Photo Credit: Getty Images

Though electric vehicles are the future of the car industry, getting any business off the ground is a risky proposition, and Ampere, the EV division of French automaker group Renault, appears to be in a precarious spot at the moment. 

The company is planning an Initial Public Offering (IPO) for the spring, but sources told Reuters that the company’s actual valuation will be far below the number it is seeking.

In September, Renault CEO Luca de Meo told the Financial Times that the valuation for Ampere should be “8, 9, 10” billion euros — about 8.6 to 10.8 billion U.S. dollars, as of early December.

However, Swiss bank UBS put that number closer to between 3 and 4 billion euros (roughly $3.2 to $4.3 billion), and Reuters’ sources said that Renault would likely pull the IPO if the valuation were below 7 billion euros (about $7.5 billion).

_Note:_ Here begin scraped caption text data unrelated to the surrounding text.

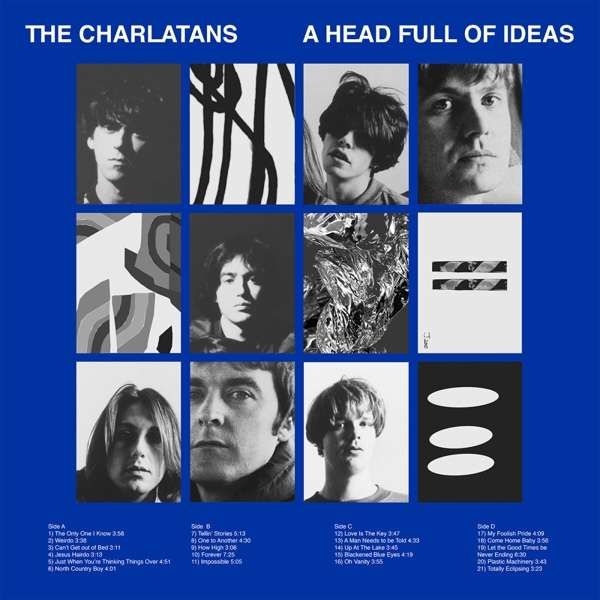 The Charlatans - A Head Full Of Ideas - 2LP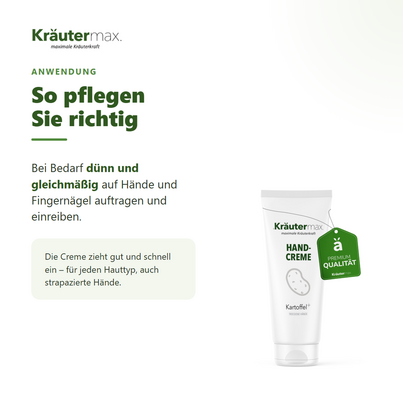 Kartoffel Handcreme 70 ml, A-Nr.: 4319520 - 04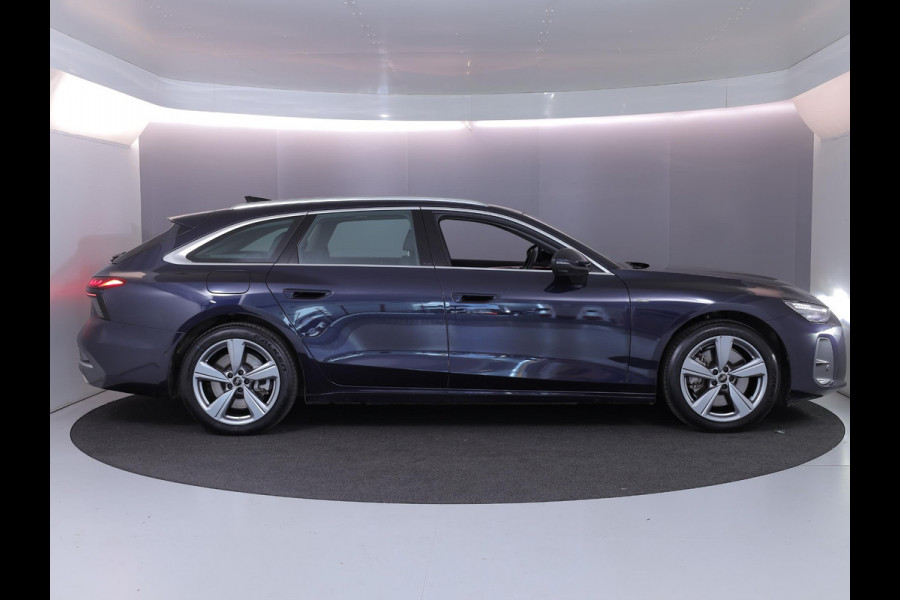 Audi A6 Avant 2.0 e-hybrid quattro Advanced edition | Private lease vanaf €1013 | 299pk | Trekhaak | Head Up Display | Lederen bekleding | MMi  BIjrijdersscherm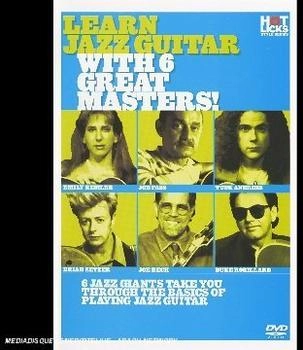 Music Sales Hot Licks - Learn Jazz Guitar With 6 Great Masters! [UK IMPORT]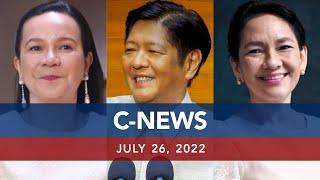 UNTV: C-NEWS | July 26, 2022
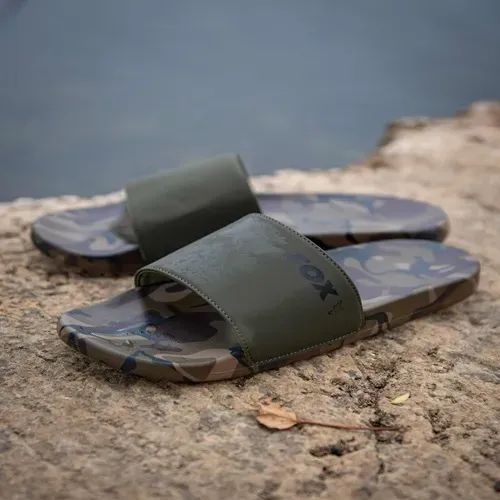 FOX SLIDER KHAKI CAMO UK 11 EU 45 CFW238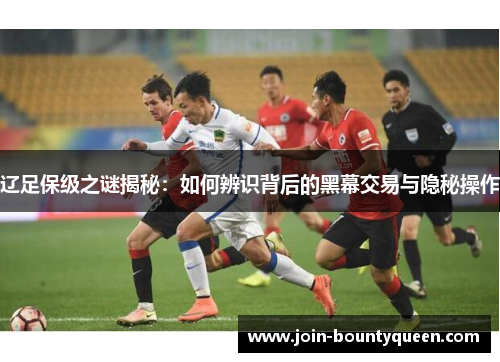 辽足保级之谜揭秘：如何辨识背后的黑幕交易与隐秘操作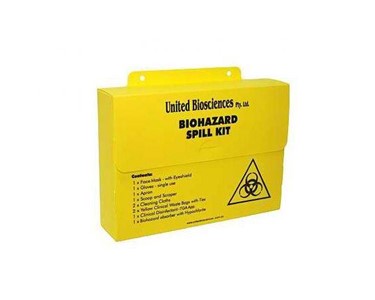 Biohazard Body Fluid Spill Kit
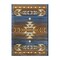 Flash Furniture Blue 8 x 10 Southwestern Style Patterned Area Rug OKR-RG1113-810-BL-GG - alternate 4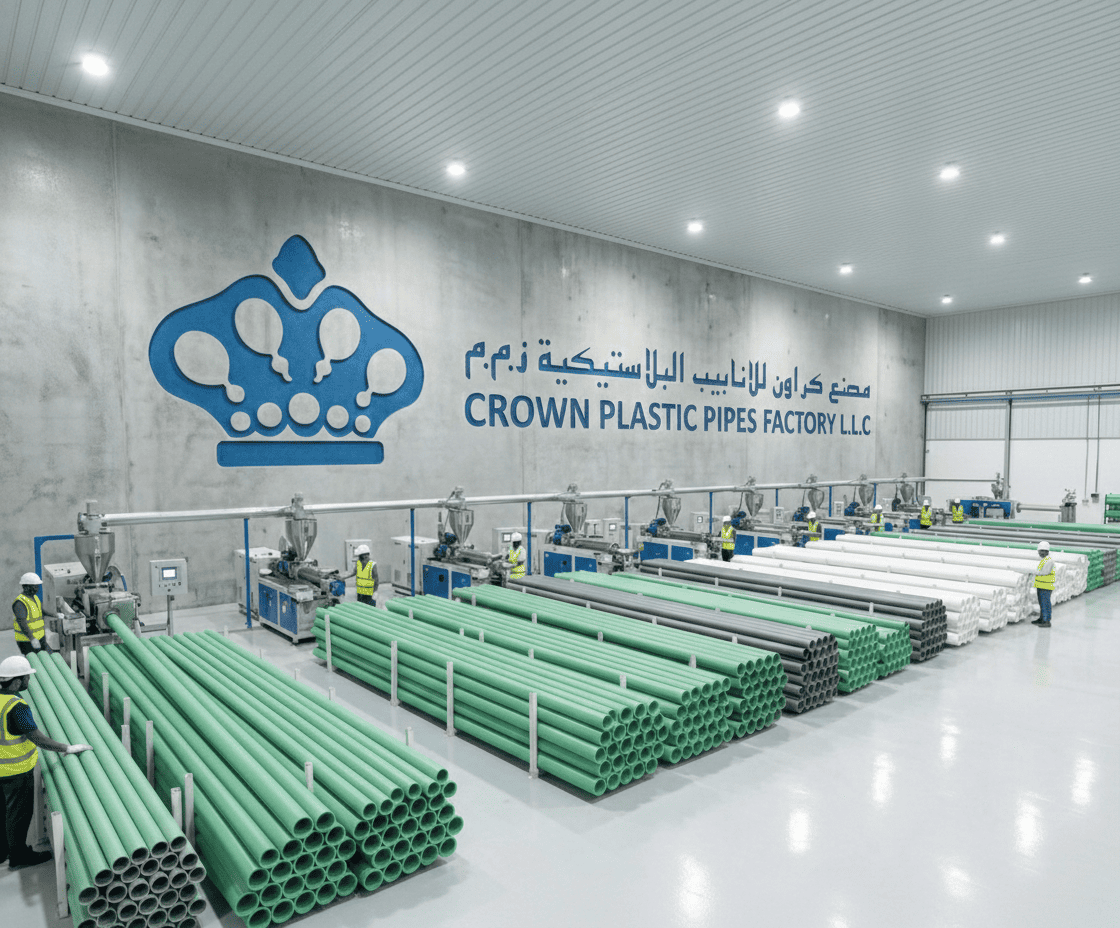 Crown Plastic Pipes Trusted Projects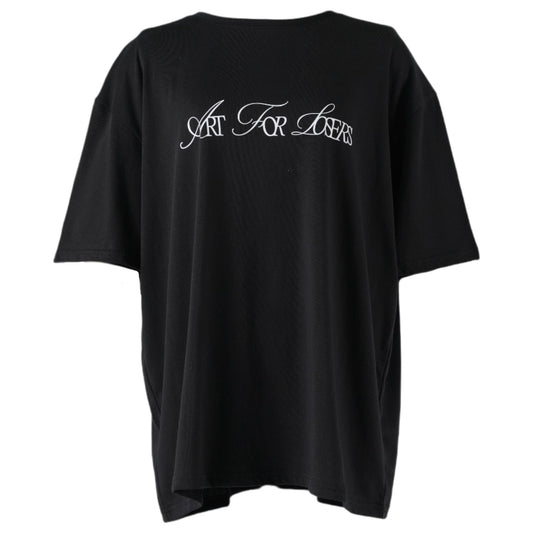 AFL OVERSIZED T-SHIRT / BLACK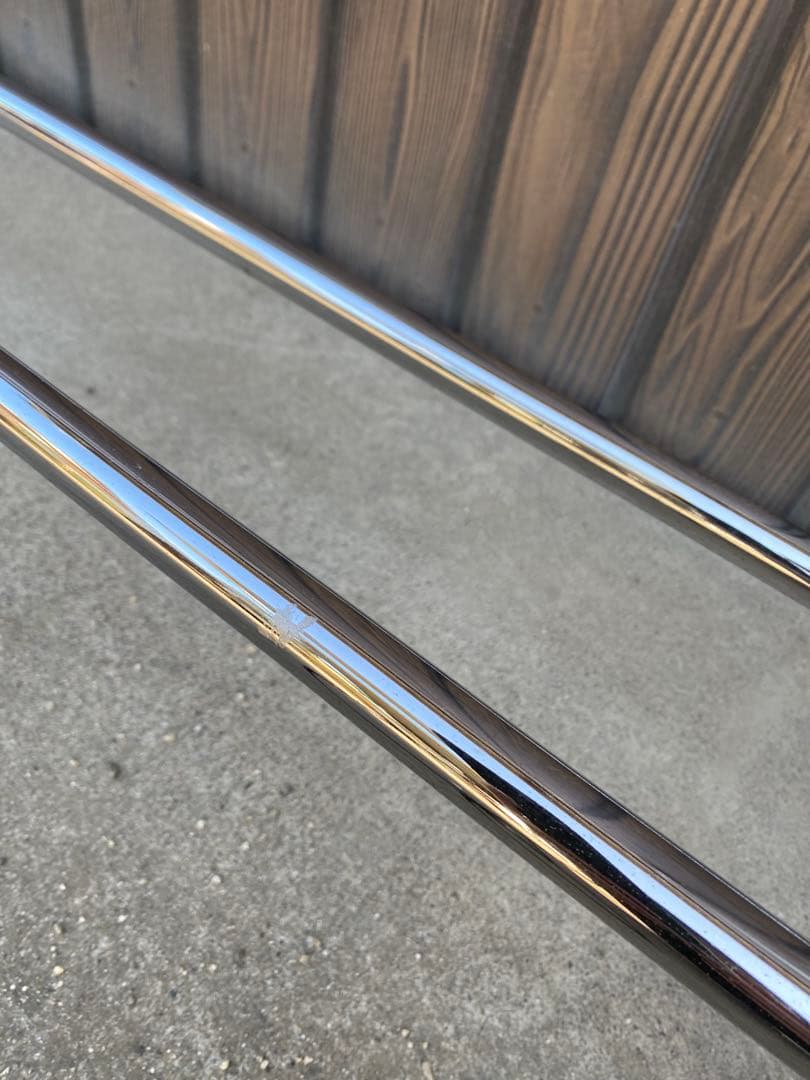 イトーキ　ITOKI コートハンガー　アルミフレーム　折りたたみハンガーラック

In order to spur investor confidence, Renault announced that it expects Ampere to triple its revenue in 2025 to 10 billion euros, bringing the EV division up to revenue neutral — an ambitious claim that may or may not sound believable to investors.

“We are not crazy,” De Meo said.

As it faces challenges such as slowing sales, increased competition in the affordable EV realm from China, and market changes, Renault is also exploring other options to keep its EV division afloat. These include selling off all or part of its 28% stake in longtime partner Nissan, which is worth around 4.5 billion euros ($4.8 billion), per Reuters.

Ultimately, though, De Meo has been clear that the company wants to fund its EV division via outside investment instead of from within.

Tesla would not be there without the support of the U.S. financial market. Many Chinese [carmakers] would not be there without the support of the government or the financial markets,” he told The Financial Times. “My job is to defend the European industry and make sure the European industry is going to be competitive globally. If you don’t like that, go to China or the U.S.”